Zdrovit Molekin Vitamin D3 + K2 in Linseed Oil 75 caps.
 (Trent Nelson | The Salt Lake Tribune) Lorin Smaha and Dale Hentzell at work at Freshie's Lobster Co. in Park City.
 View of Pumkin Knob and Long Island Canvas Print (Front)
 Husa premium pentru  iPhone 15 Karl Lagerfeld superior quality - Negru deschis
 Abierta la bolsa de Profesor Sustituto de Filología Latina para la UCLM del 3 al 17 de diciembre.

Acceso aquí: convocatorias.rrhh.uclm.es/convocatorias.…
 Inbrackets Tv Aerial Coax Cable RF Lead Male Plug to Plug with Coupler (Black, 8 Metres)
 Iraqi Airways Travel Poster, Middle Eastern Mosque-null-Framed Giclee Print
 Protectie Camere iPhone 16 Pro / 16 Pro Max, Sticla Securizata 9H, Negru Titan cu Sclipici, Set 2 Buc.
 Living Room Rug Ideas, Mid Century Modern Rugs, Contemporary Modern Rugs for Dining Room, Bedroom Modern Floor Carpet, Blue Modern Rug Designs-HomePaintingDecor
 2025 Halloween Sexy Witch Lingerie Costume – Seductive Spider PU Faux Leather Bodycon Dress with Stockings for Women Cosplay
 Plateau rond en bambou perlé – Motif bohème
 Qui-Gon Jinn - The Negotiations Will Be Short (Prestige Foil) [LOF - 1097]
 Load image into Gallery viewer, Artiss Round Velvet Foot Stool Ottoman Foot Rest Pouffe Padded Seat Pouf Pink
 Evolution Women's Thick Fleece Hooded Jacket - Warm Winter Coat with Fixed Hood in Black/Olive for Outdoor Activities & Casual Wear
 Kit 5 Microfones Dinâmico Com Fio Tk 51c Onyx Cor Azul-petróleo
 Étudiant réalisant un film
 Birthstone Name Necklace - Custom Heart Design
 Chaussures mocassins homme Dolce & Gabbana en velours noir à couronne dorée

________

What the task asks
Exactly as they stand, set down the lines from the top of the data through the line with "Qui-Gon Jinn - The".

The answer
Zdrovit Molekin Vitamin D3 + K2 in Linseed Oil 75 caps.
 (Trent Nelson | The Salt Lake Tribune) Lorin Smaha and Dale Hentzell at work at Freshie's Lobster Co. in Park City.
 View of Pumkin Knob and Long Island Canvas Print (Front)
 Husa premium pentru  iPhone 15 Karl Lagerfeld superior quality - Negru deschis
 Abierta la bolsa de Profesor Sustituto de Filología Latina para la UCLM del 3 al 17 de diciembre.

Acceso aquí: convocatorias.rrhh.uclm.es/convocatorias.…
 Inbrackets Tv Aerial Coax Cable RF Lead Male Plug to Plug with Coupler (Black, 8 Metres)
 Iraqi Airways Travel Poster, Middle Eastern Mosque-null-Framed Giclee Print
 Protectie Camere iPhone 16 Pro / 16 Pro Max, Sticla Securizata 9H, Negru Titan cu Sclipici, Set 2 Buc.
 Living Room Rug Ideas, Mid Century Modern Rugs, Contemporary Modern Rugs for Dining Room, Bedroom Modern Floor Carpet, Blue Modern Rug Designs-HomePaintingDecor
 2025 Halloween Sexy Witch Lingerie Costume – Seductive Spider PU Faux Leather Bodycon Dress with Stockings for Women Cosplay
 Plateau rond en bambou perlé – Motif bohème
 Qui-Gon Jinn - The Negotiations Will Be Short (Prestige Foil) [LOF - 1097]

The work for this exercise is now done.